Éloge de l’indignation : lettre ouverte à Abdennour Bidar

Par Kamel Meziti*

Rédigé par Kamel Meziti | Vendredi 24 Septembre 2010 à 01:24

           


Éloge de l’indignation : lettre ouverte à Abdennour Bidar
La lecture récente de votre contribution parue dans Le Monde, datée du 31 août, m’a interpellé à divers égards. Jusqu’ici, nous nous étions accoutumés à des prises de position conformes aux conceptions d’un philosophe du XXIe siècle, qui se doit de nourrir de sa réflexion les débats autour du vivre-ensemble, de la cohésion et des valeurs humanistes, ciment de notre société.

En mettant l’accent sur « la logique de violence de l’islam », vous franchissez un pas supplémentaire dans la surenchère fantasmatique qui nourrit les peurs et alimente un climat de xénophobie et d’islamophobie ambiant, à l’intérieur de l’Hexagone comme sur la scène mondiale.

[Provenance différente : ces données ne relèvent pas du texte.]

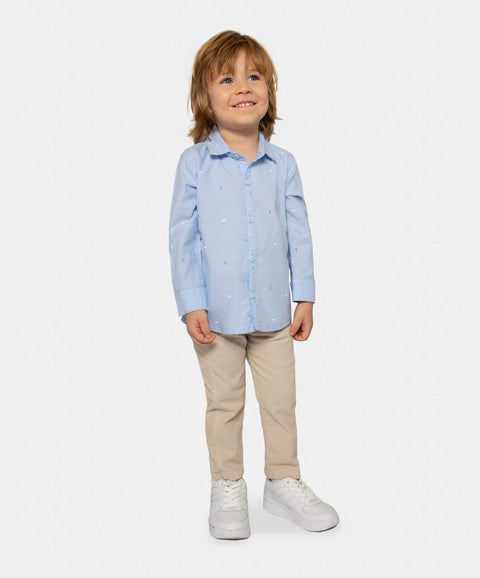 Camisa Manga Larga Para Bebé Niño En Algodón Color Azul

Il ne s’agit pour moi de nier le droit élémentaire pour toute personne, tout intellectuel, de professer des critiques vis-à-vis des religions en général et de l’islam en particulier. Très attaché au dialogue et aux valeurs démocratiques, il ne me viendrait certainement pas à l’esprit de remettre en question une liberté d’expression chèrement acquise dans le pays des droits de l’homme. En même temps, c’est au nom du profond respect pour la dignité humaine que je souhaite aujourd’hui réagir face à une dérive périlleuse.

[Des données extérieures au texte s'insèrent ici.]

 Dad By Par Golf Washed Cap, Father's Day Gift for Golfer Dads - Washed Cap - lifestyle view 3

En tant « intellectuel musulman », vous vous érigez en procureur. Cependant, dans votre réquisitoire, vous avez pêché – fauté plus précisément – au moins sur les plans théologique et intellectuel.

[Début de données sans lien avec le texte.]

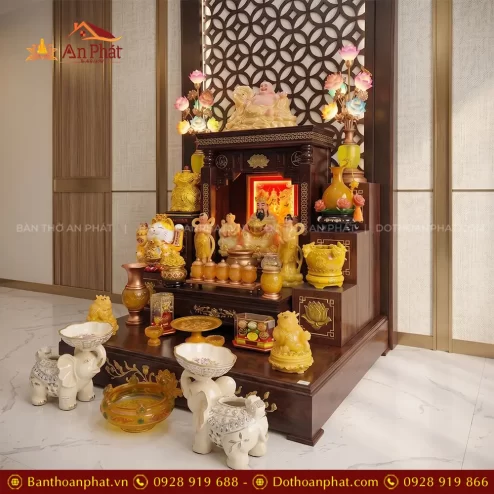 Bàn Thờ Thần Tài Thổ Địa Mái Bằng Đồ Thờ Lưu Ly Cao Cấp TT-2738 6 ban tho than tai tho dia mai bang do tho luu ly cao cap tt 273800002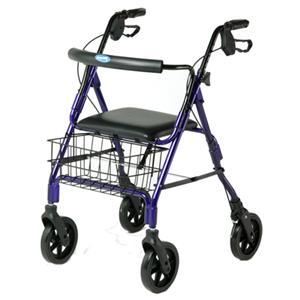Invacare Four Wheel Rollator with Curved Backrest - Blue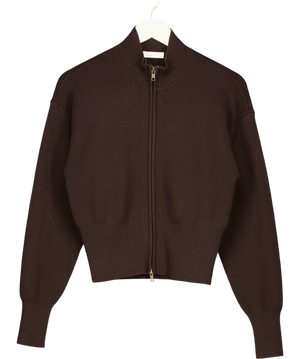 Kookai Dalton Zip Cardigan Brown UK 8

Sur le plan théologique, il ne vous a pas échappé que l’islam intègre, au même titre que les autres religions, une foi, un dogme, un crédo, autant d’éléments constitutifs et incontournables pour une adhésion libre et réfléchie. Que vous exprimiez votre aversion la plus légitime vis-à-vis de la lapidation, mentionnant le cas de la condamnation monstrueuse de cette femme iranienne, cela est entendu au nom même du respect de la dignité humaine. La lapidation n’a pas de base coranique, même si elle reste cependant pratiquée dans certains pays sur la base de hadiths, dont l’authenticité pose problème à de nombreux exégètes.

Ce châtiment, inscrit dans la loi de Moïse, par conséquent écrit dans la Bible, a été abrogé par le Coran. Est-il, en outre, utile de vous préciser que la peine de substitution prévue pour l’adultère dans le Texte reste dans les faits inapplicable ; que Dieu invite le pêcheur au repentir et lui propose Son pardon dans le même verset ? Mais laissons-là ces considérations aux théologiens musulmans eux-mêmes, voire aux spécialistes de la géopolitique concernant le volet iranien plus spécifiquement.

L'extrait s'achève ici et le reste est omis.